A dining room is kind of a public space, most likely formal. It’s always a great thing to add an artistic flair to your dining room, as it is actually a room that is seen by many guests, either friends or family members. Pieces of art make the perfect conversation starters to warm up the atmosphere. The best artworks will reflect your style and taste, but should also complement the decor of your dining room. Here are a few tips to choose and display art to complements your dining room.

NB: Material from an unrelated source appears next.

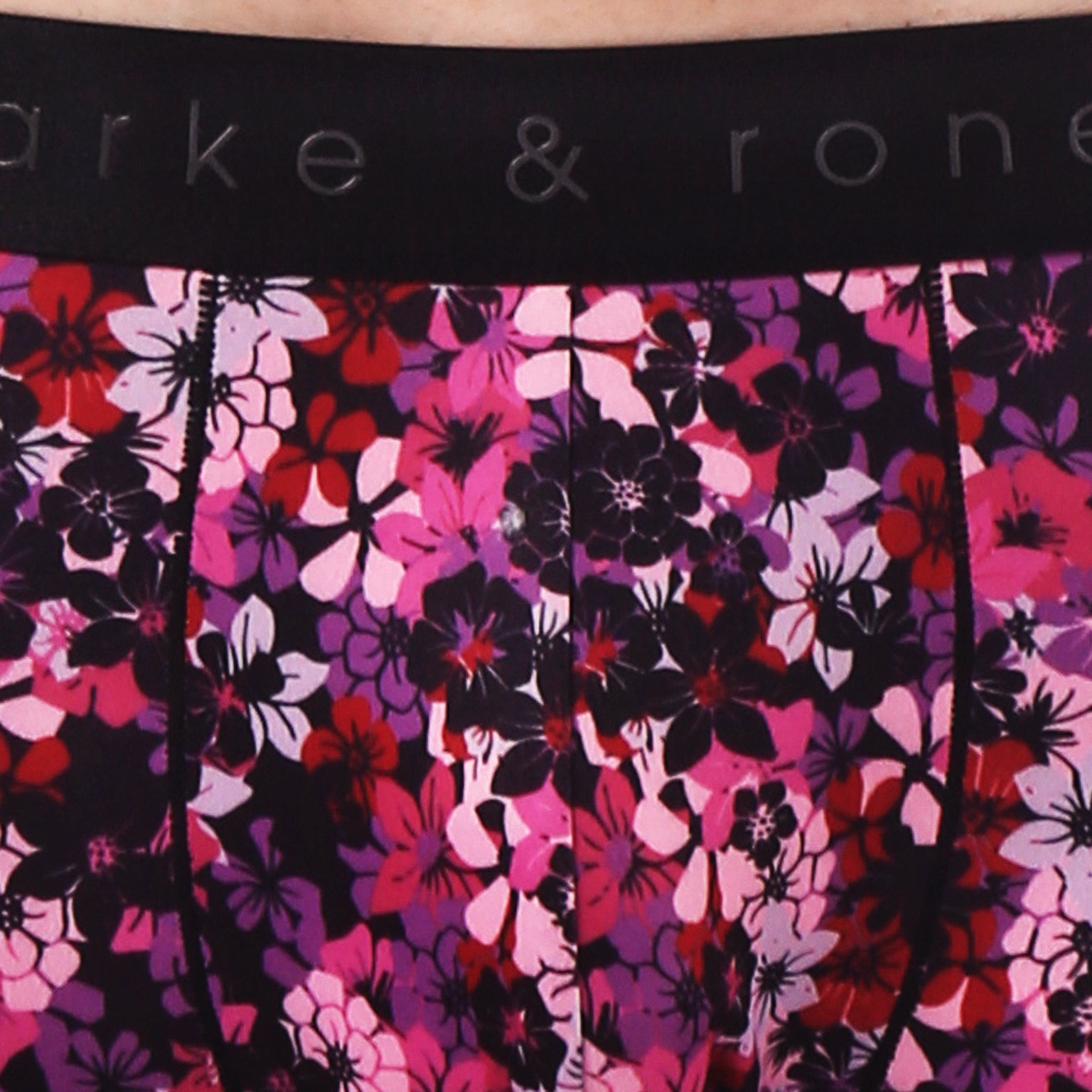 Black Camelia Print Low Rise Trunk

1. Identify the spaces or surfaces you want to fill. The art you choose should be in scale with the space it hangs in. To make it simple: you’ll want large artworks for large spaces — over the sideboard or mantle — and smaller pieces for smaller spaces. Art pieces don’t have to be gigantic: they can be simple statements that are noticeable without overwhelming the viewer. While a painting should be the focal point, it doesn’t have to be the only memorable feature of the dining room. If it does, people may come away with only the massiveness of the artwork as a memory, instead of the overall beauty of the surrounding space.

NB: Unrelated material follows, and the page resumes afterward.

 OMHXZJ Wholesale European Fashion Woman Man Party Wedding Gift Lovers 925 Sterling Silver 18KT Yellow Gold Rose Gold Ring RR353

2. Decide on a theme, or a color scheme if you haven’t already. You have to define the mood, or identify the one you’ve already created for the room over time. Would you opt for formal elegance? Or a casual space filled with eclectic furniture and accessories? If you like to have guests and you’re used to set a sophisticated table, consider sticking to a few sober pieces of artwork in the dining room so you won’t overwhelm your guests.
3. Look for artworks that complement your defined theme. For example, you can include one large focal piece or a group of several smaller items. Breathing space is necessary to maintain an open feeling. The nature of the work itself is up to you. Large abstract painting and photography work well in a contemporary decor, while still-life or nature landscapes will fit into a more traditional set up. As a dining room is kind of a social environment, it’s best to avoid anything too controversial. Still lifes are fine, but dead animals are probably out, same goes for too-explicit nudity. Landscapes are always an option, but making people comfortable doesn’t necessary mean hanging boring art.
4. Frame the pieces well, especially if they’re paper. use archival-quality mats and seal the backs. Wether they’re watercolor, drawings or paintings, framed artworks tend to stand up very well on their own on dining room walls, so no need to overdo it.
5. Check your art pieces once in a while. As light changes during the year, a piece may find itself in direct sunlight for a while, increasing the chances of colors alteration.